_WORK TASK_
Copy everything in the data below exactly except the pictures.

_THE DATA_
───

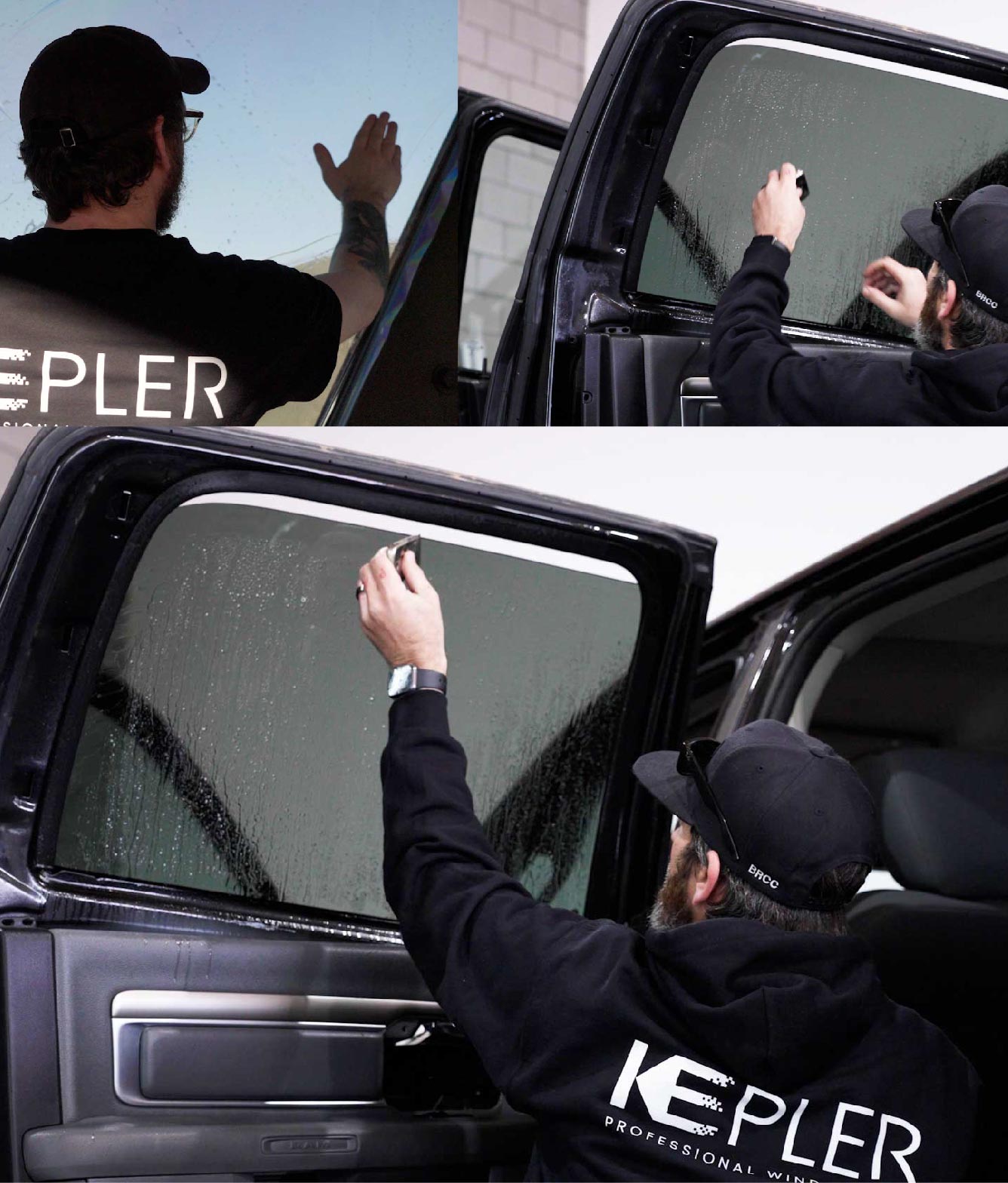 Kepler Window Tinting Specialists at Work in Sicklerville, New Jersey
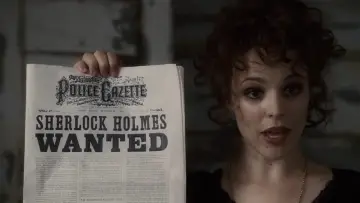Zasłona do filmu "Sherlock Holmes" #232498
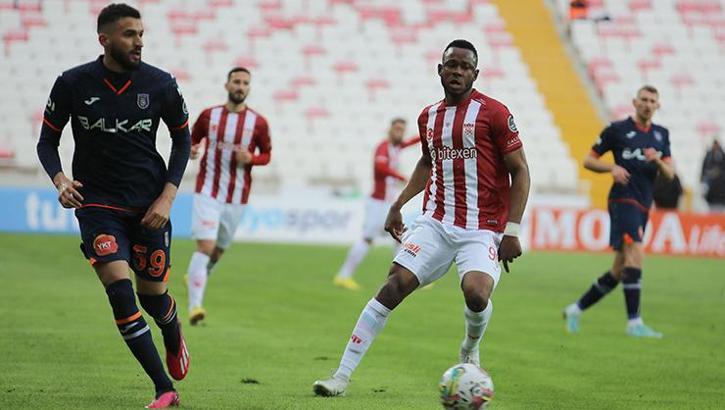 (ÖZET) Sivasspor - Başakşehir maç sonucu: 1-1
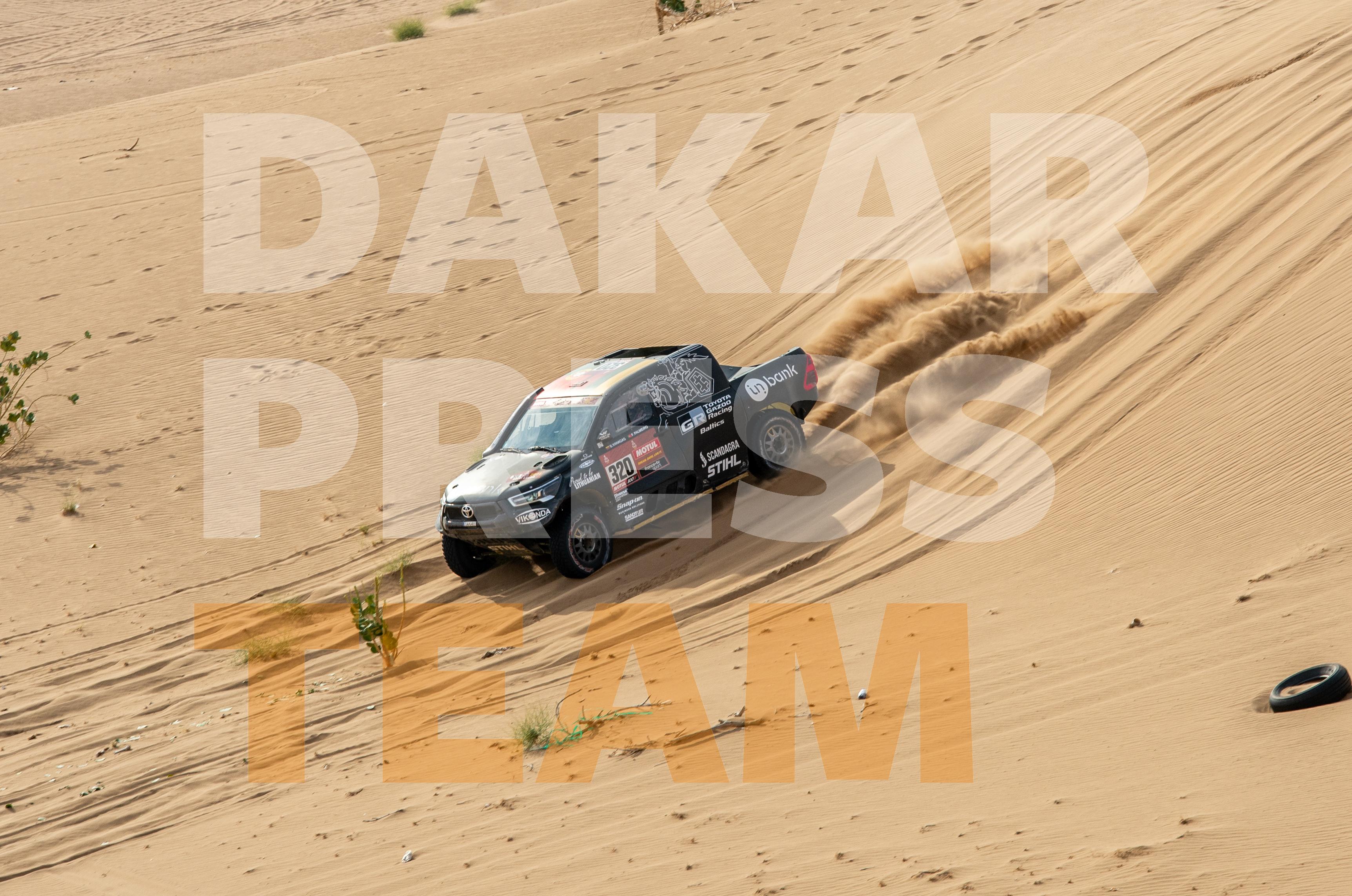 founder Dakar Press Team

───

_TASK ANSWER_
 Kepler Window Tinting Specialists at Work in Sicklerville, New Jersey
Zasłona do filmu "Sherlock Holmes" #232498
 (ÖZET) Sivasspor - Başakşehir maç sonucu: 1-1
 founder Dakar Press Team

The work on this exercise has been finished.